ALBANY – State officials on Monday named two competing bidders as the winners in a long-awaited search for companies that can bring clean power to New York City – with both saying they will bury their transmission lines under the Hudson River.
The state Energy Research and Development Authority awarded the bids to two consortiums: The Champlain Hudson Power Express, which plans to transport power from hydroelectric plants in northern Quebec; and Clean Path New York, a partnership between the quasi-public New York Power Authority, Invenergy, and energyRE, solar power.
The lines by the end of the decade should power 2.5 million homes in and around New York City with carbon-free electricity, eliminating the need for numerous existing fossil fuel plants in the area.
The Champlain, or CHPE line, to be built by Transmission Developers Inc., would run 338 miles from the Canadian border to New York City, with most of the line under the Hudson as well as Lake Champlain. The project is owned by the Blackstone Group investment firm. It will have between 1,000 and 1,250 Megawatts or MW of capacity. It should be delivering power to New York City by 2025.
Clean Path NY’s 1,300 MW line would run 174 miles from Delaware County to the Hudson River and then to New York City, carrying power from solar and wind plants. It also would have augmented power from the existing Blenheim-Gilboa pumped storage dam and hydro plant in Schoharie County. That line should be up and running by 2027.

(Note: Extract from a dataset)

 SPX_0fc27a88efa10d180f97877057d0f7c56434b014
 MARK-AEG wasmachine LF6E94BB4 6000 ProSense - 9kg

By awarding the bid to two different companies, NYSERDA and Gov. Kathy Hochul – whose office put out Monday’s announcement – appears to be aiming at a compromise.
The Champlain line offers the promise of existing clean energy from the Province of Quebec’s massive hydro projects in the north. But it has drawn criticism from in-state developers, as well as New York trade unions, who wanted in on the work as well.
Gavin Donohue, president and CEO of the Independent Power Producers or NY, which represents power plant operators, kept up that criticism on Monday. He described giving half the award to CHPE as a “missed opportunity.” His group wanted the CHPE line to be equipped with an inverter, or equipment that would let upstate power generators plug into the line, rather than it exclusively carrying Canadian hydroelectricity.
But a number of trade union leaders hailed Hochul’s decision on Monday since it does have at least some in-state power production. The deal also calls for project labor agreements ensuring union participation.
Hochul’s announcement also sends a signal that she remains committed to following through on the expansive clean-energy goals set up by former Gov. Andrew Cuomo, who resigned last month amid a sexual harassment scandal.
“These transformative projects are a win-win—delivering thousands of new good-paying jobs throughout the state and attracting billions of dollars in private investment. They also help us turn the page on New York City’s long-standing dependence on fossil fuels,” Hochul said in making the announcement.
“New York has not made this level of investment in energy infrastructure since the late 1950s to early 1960s,” remarked NYPA President and CEO Gil Quiniones.
CHPE and Clean Path were among the 13 separate proposals put forth for the project.
The projects still need final contract negotiations and approval from the Public Service Commission, but many of the needed approvals and rights of way have already been granted.
Both projects will be expensive and are expected to create thousands of jobs during construction. Hochul’s office said they will spur $8.2 billion worth of investment and economic activity.
Getting clean power to the highly populated New York City and surrounding areas is a key challenge in meeting the state’s goal of having a 70 percent carbon-free power grid by 2035.
Upstate New York, with its large existing hydro-plants along the St. Lawrence River and in Niagara Falls, and with its wide open spaces conducive to large solar and wind farms, has and will continue to have an excess of cheap green power. But getting that power to the city where it is needed has been constrained by the limited number of transmission lines.
By moving solar, hydro and wind power along these lines, a number of older, carbon-emitting gas and oil plants in the city can be closed or minimized.
“This,” said New York City Mayor Bill de Blasio “This is a transformative moment for New York City’s fight against climate change.”